You know what that means. It’s time for the Obligatory Vote of Confidence™! (Needs its own graphic and maybe a jingle.)
Today’s Obligatory Vote of Confidence comes from David Montgomery. The Phillies president tells Bob Brookover for the Inquirer that the general manager is not solely responsible for the club’s issues, giving “credit” to his staff. Then Montgomery made a very curious analogy about decision making and baseball.
“The reality is that when things don’t go well, people look to find, well, whose fault is it?” Montgomery said. “I believe in situations like this that when times are good there’s enough credit to go around. It’s all of us. Ruben is not making independent decisions. He’s going with a pretty good group of eyes who are looking out there at players and making determinations. God knows we’re all trying to bat 1.000 on decision making. The reality is, I think we do better than the .300 standard in baseball.”
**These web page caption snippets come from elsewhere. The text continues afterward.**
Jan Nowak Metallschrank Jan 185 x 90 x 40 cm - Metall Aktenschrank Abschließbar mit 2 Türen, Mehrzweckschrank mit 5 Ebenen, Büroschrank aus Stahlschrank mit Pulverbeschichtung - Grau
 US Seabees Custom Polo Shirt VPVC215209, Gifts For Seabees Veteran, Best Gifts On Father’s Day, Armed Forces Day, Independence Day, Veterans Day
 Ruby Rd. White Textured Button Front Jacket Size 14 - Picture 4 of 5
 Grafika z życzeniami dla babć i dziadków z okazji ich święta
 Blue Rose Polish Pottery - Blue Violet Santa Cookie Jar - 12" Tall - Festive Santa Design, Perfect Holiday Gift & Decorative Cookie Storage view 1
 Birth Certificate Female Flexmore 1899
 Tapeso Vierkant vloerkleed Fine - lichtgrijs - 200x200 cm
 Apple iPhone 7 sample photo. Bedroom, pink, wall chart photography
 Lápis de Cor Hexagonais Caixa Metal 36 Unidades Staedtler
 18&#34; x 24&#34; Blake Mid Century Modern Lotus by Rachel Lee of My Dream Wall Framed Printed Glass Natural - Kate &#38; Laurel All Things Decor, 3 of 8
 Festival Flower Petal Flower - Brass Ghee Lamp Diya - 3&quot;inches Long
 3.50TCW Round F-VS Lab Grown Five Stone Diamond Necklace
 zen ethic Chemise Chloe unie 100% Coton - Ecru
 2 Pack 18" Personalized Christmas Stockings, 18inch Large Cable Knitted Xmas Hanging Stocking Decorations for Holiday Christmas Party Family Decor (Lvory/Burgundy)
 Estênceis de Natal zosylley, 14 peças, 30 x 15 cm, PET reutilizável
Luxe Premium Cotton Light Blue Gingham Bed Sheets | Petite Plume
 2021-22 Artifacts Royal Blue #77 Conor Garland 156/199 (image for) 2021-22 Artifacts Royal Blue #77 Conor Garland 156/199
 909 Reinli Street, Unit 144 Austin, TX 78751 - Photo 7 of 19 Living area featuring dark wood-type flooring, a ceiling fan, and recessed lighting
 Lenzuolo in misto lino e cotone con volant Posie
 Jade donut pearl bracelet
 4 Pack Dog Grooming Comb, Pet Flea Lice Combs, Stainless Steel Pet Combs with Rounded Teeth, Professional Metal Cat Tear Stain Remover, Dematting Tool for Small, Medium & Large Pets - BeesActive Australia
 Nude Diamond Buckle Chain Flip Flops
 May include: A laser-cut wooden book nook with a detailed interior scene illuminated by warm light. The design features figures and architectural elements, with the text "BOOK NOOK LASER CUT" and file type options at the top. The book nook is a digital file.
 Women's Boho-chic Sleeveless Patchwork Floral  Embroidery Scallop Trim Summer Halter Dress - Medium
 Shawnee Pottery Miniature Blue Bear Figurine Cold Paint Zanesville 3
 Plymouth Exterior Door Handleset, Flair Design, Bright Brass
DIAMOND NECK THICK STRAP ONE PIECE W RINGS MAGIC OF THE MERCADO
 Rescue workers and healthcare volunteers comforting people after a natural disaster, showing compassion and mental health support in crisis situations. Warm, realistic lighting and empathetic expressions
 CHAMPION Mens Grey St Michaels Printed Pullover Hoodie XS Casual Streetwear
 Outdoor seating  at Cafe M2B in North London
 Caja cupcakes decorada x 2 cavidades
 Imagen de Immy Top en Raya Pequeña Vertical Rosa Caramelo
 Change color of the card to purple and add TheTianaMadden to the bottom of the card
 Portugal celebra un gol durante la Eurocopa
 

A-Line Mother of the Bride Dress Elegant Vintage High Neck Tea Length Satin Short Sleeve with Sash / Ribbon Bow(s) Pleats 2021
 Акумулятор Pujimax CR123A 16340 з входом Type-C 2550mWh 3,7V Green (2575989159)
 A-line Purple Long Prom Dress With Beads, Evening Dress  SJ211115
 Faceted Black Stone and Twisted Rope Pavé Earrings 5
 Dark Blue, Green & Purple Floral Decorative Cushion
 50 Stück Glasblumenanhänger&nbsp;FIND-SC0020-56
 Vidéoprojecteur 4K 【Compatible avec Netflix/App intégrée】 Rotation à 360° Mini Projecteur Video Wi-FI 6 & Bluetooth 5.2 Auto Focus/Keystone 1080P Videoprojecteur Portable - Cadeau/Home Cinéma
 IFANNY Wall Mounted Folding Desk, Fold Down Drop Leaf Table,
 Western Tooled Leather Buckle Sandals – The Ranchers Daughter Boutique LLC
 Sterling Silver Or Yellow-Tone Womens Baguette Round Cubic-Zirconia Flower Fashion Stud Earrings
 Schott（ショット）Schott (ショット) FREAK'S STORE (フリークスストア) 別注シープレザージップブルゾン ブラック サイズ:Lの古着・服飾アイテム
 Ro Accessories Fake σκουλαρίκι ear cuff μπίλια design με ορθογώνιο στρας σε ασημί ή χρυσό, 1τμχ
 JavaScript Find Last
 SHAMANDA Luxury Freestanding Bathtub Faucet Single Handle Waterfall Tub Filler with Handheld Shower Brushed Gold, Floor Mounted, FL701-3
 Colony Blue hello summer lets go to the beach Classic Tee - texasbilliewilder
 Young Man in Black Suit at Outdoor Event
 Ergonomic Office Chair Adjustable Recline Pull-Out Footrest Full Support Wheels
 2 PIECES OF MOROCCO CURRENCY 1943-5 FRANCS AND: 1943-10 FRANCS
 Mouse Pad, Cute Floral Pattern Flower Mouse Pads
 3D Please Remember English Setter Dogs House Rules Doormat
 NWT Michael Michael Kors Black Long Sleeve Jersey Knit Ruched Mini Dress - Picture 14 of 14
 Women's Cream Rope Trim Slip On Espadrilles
Hm. .300 might make for a fine batting average, but I’m pretty sure decision making is held to a higher standard. I don’t know about you, but I expect scouts and executives to be right at least 50% of the time. Otherwise why have a front office at all? All personnel moves can be determined by one or a series of coin flips. At least it’s cost effective, and the Phillies could push the savings right into some extra coin flips during free agency.
And as long as we’re deflecting blame across the entire front office, it’s worth noting that somebody had to hire the people steering Amaro wrong. Who would that be? Because apparently that’s the person you want to yell at.
Personally, I don’t think Amaro has necessarily been quite as poor at his job as many people seem to believe, but a handful of the missteps he’s made have been rather gargantuan in size. Arguing he’s better at decision making than anybody on his roster is at hitting is an awfully counterproductive way to combat those truths, no?